Slipping Deep into Character

I make it to that oak about once a season. My habit is to never sit in the same area for seven days—the old does know and keep a vigilant watch. On a normal morning the four trails are a busy thoroughfare, but with the scarcity of white-tailed deer, I only hoped to see one or two does cross on that crisp November morn.

My moccasins danced over time’s threshold before I ever left the wagon trail and started downhill—it was 1795, as it had been throughout that season. After I discovered the first roosted turkey the hunt’s complexion changed, a chance to hone a rare woodland skill, to pass among a flock of turkeys with scaring them to flight was the new test.

Looking up at a wild turkey hen silhouetted against a gray, starry sky cemented my mind in the long ago, in the Old Northwest Territory, about a half mile east of the River Raisin. Mesmerized by the circumstance, I slipped deep into character, intent more on outwitting the turkeys than seeing deer, much less taking a shot at a fine buck. To my delight, the bird overhead stayed put after first light, offering a soft purr or a gentle cluck, now and then.

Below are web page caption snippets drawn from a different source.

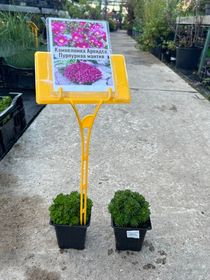 Рассада цветочно-декоративных растений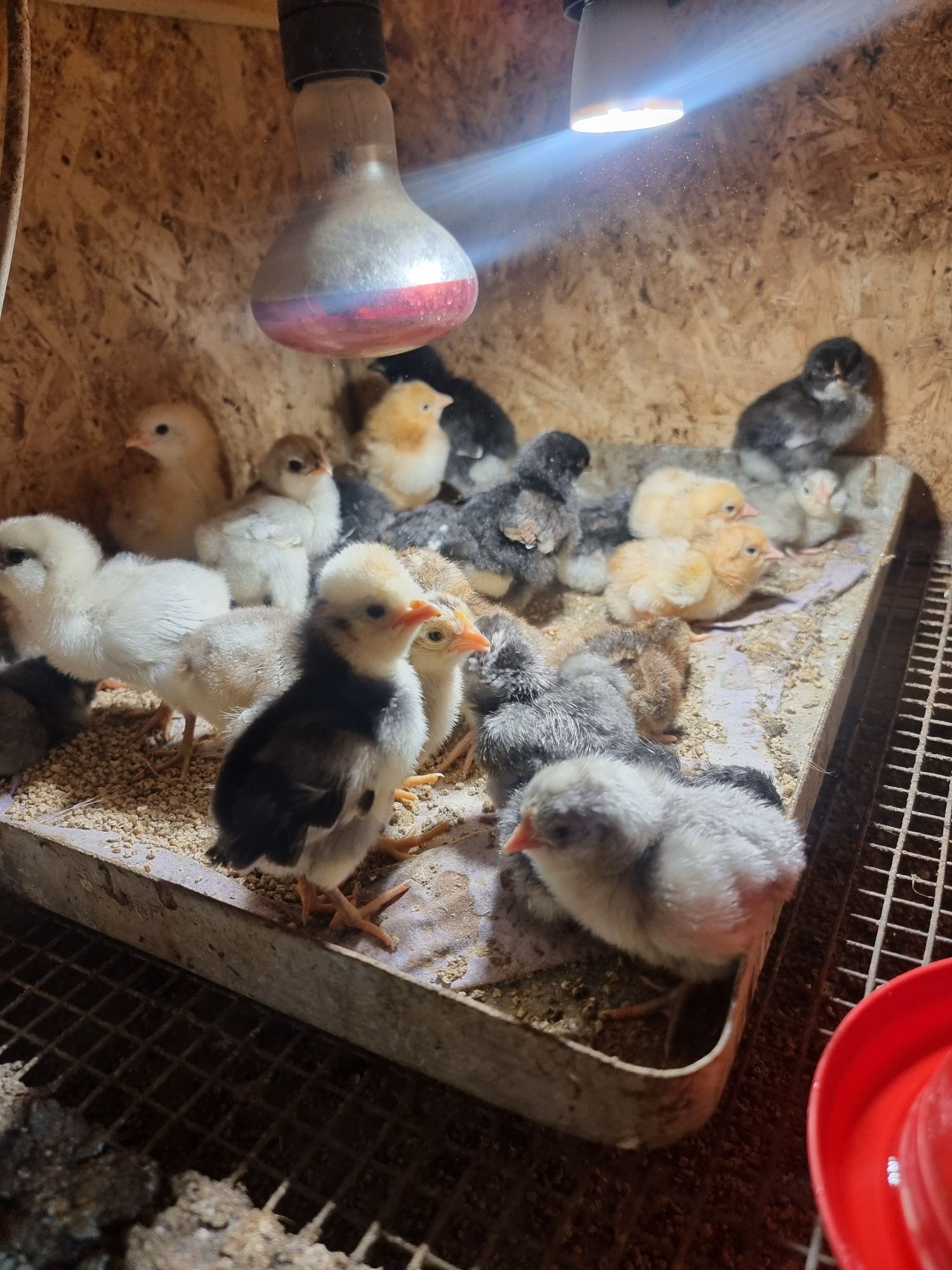 Pui Marans Araucana Combatant Marans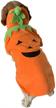 happy pet pumpkin costume medium logo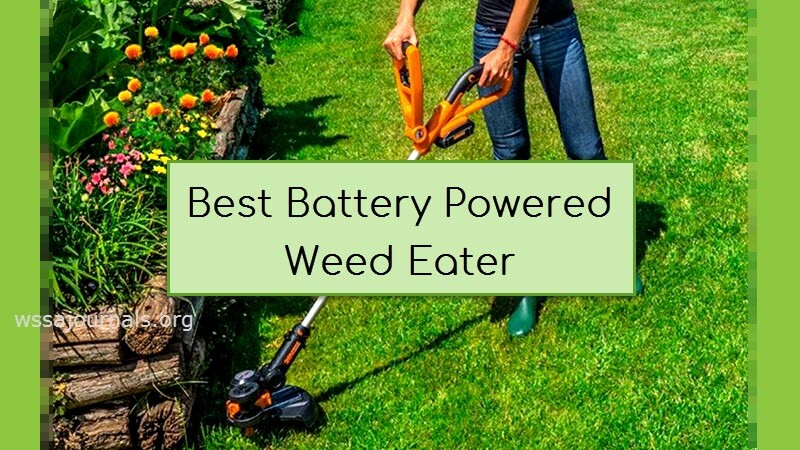 best-battery-powered-weed-eater-for-lawns-gardens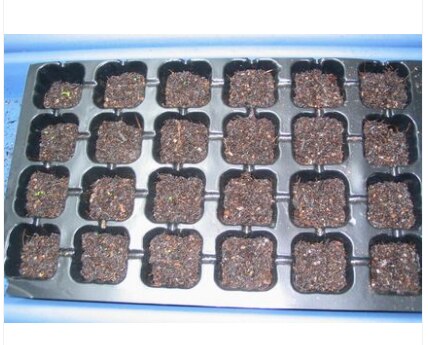 Seedling tray nutrient bowl plastic plug seedling box semillero para germinar planting tray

The River Raisin's first bend after the lily-pad flats.With only two days remaining in the fall waterfowl season, duck hunters floated the River Raisin. Their first volley caught me by surprise, but in hindsight what really surprised me was my period-correct reaction. After the second shot, I thought “Ambush!” and began pinpointing the blasts in relation to the river’s geography. My heart pounded and I felt my right thumb press hard on “Old Turkey Feathers’” hammer.

In less than the time it takes a good traditional woodsman to reload a smoking trade gun, I heard the second volley, maybe a hundred yards farther downriver. A second or so hesitation separated the first shot from the last seven; my 18th-century mindset interpreted the delay as a defensive shot, followed by a killing volley. “An unfortunate soul died,” was all I could think of, primed, perhaps, by reading of an unforgettable sequence of events in John Tanner’s journal a few weeks before.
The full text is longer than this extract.